Exchanging racy texts is de rigueur in our phone-heavy dating culture, and it’s appreciated by many long-distance and long-term couples wanting to maintain intimacy and excitement in their relationships. But if you receive them unsolicited, as many women do, they can also be annoying, even distressing.

People sext for a number of reasons, but new research suggests that people perceive sex messages differently depending on whether the sender is a man or a woman. According to the brilliantly named study, ‘Not Cool, Dude: Perceptions of Solicited vs. Unsolicited Sext Messages from Men and Women,’ people are more likely to judge an unsolicited sext from a man as inappropriate than if the same message were sent by a woman.
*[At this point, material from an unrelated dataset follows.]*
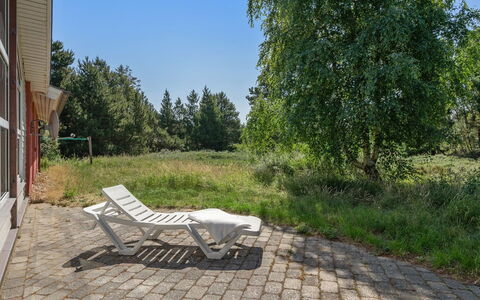 Mojag - 1Km from the Sea: Gras, Struik, Huis, Tuin, Huis, Verblijf, Land Lot, Gazon, Groundcover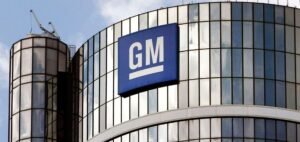 Read more about the article GM Faces 35% Profit Slump as Tariffs Shake Auto Sector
For the research, conducted by academics from Southwestern University in the US and published in the journal Computers in Human Behaviour, a group of 122 predominantly white students in the US (61 men and 61 women) were given short descriptions in which either a man or a women sent a solicited or unsolicited sext to someone of the opposite sex. They were then asked their opinions on the situation and sext message.

The verdict? Men who sent unsolicited sexts were judged as less appropriate than women who sent the same message. Given the prevalence of unsolicited dick pics in today’s dating landscape – and the often malicious intent behind them – it’s unsurprising that women have more negative view of unsolicited sexts from men.

The researchers described men sending unsolicited sexts to women as an example of hypermasculinity, or exaggerated stereotypically male behaviour that may be considered sexual harassment and make women feel uncomfortable and/or threatened.